3 prominent schools or traditions of thought about the Trinity that emerged in the Middle Ages:
- Emanationist: Bonaventure & Scotus. Makes use of a more restricted or modest doctrine of divine simplicity and correspondingly presents us with a kataphatic, quasi-univocal way of speaking of processions and persons.
- Nominal minimalist: Ockham. Presents us with a theory of divine simplicity so exacting that one is led to an equivocal way of speaking about the divine processions; this approach is radically apophatic (there is no demonstrative knowledge of the existence of God). Such a minimalistic approach can lead easily to speculative agnosticism regarding the existence of God, and an evacuation from theology of the very notions of a divine essence (divine attributes), as well as the notions of divine persons, relations, and processions. If taken to an extreme, this kind of thinking has the capacity to burn down all the bridges of connection between grace and nature, and between Christian theology and modern philosophical reasoning. Modern Trinitarian Christology often follows this way of thinking. Post-Hegelian Trinitarian theologians deny any talk of the divine nature and identify the persons primarily by reference to God’s economic activity in creation (i.e. we only know the Triune persons due to their historical presence among us).

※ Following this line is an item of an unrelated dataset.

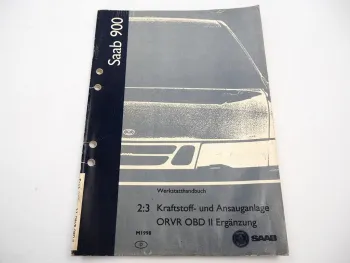 Saab 900 ORVR OBD II Ergänzung Werkstatthandbuch 1998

- Relationist: Aquinas. Makes use of a moderate theory of simplicity that allows room for proper analogies for processions and persons in God, understood in terms of subsistent relations. It is moderately apophatic.
Some Conceptual Advantages of Thomistic Trinitarian Theology
Each is based by argument in scriptural exegesis interpreted through the lens of patristic traditions of the early Church (showing an organic & logically continuous development):
- Both Trinitarian + Monotheistic: Allows a real distinction of persons (Trinitarian) + unity of essence (monotheism). “The category of relation is helpful in Trinitarian theology because it permits one to signify a distinction of persons in God that entails no distinction of essence or substance, and no inequality in properties.” Furthermore, it allows us to maintain
- Positive use of psychological analogy: Allows us to maintain that (1) the immaterial processions in God are substantial (since God is simple) and not something accidental (like the intellectual acts of a human person), (2) the subsistent persons are really relative to one another, (3) they act in virtue of their shared divine nature, which each possesses fully.

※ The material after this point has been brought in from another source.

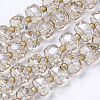 Electroplate Glass Beads Strands EGLA-Q079-04-1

- Allows distinction of personal mode regarding the nature of God: Based on the order of reception of the nature, Aquinas does think that each of the three persons possesses the divine nature in a distinct personal way or mode of being. The Father is infinitely good in a paternal way, the Son in a filial way (as deriving his goodness from the Father), and the Spirit in a spirated way (as eternally derivative of the Father and the Son). In the economy, the three persons always act as one, and each also acts in a distinctive personal mode.

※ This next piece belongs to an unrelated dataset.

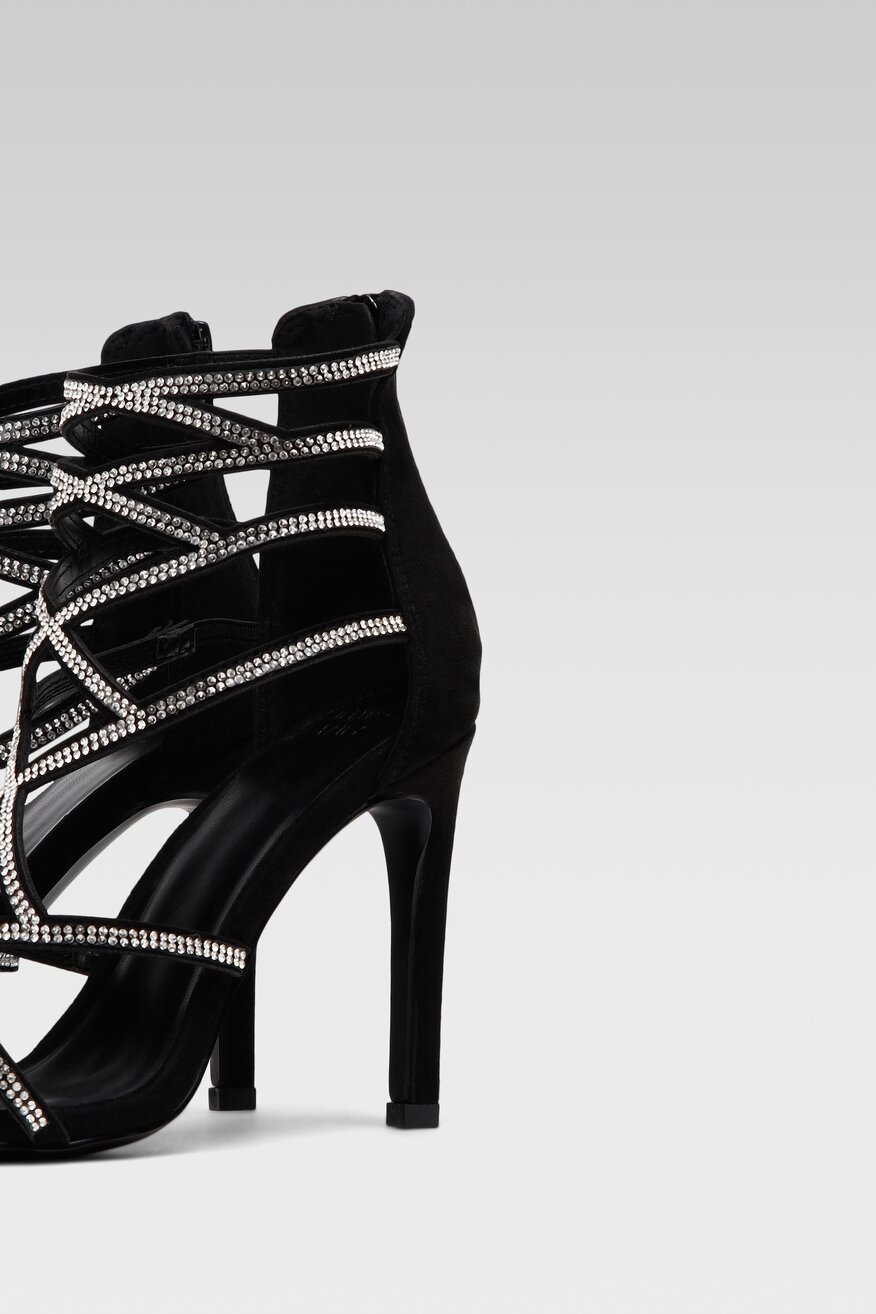 
                Jenny Fairy - Sandały czarne z suwakiem - 5904248833664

- It provides us with analogical notions for personhood, relation, and nature that are applicable in similar and dissimilar ways to divine persons and created persons (both angels and human beings): This is true because Aquinas maintains Boethius’s definition of the person (an individual with a rational nature). This notion of an intellectual nature as an intrinsic component of a person allows us to maintain that the Father, Son, and Spirit are persons. It respects the apophatic character of our knowledge of the Trinity, even “after” divine revelation and in the light of faith. However, it also provides enough kataphatic content to allow us to perceive significant likeness amid the discontinuity between Trinitarian persons and personal creatures.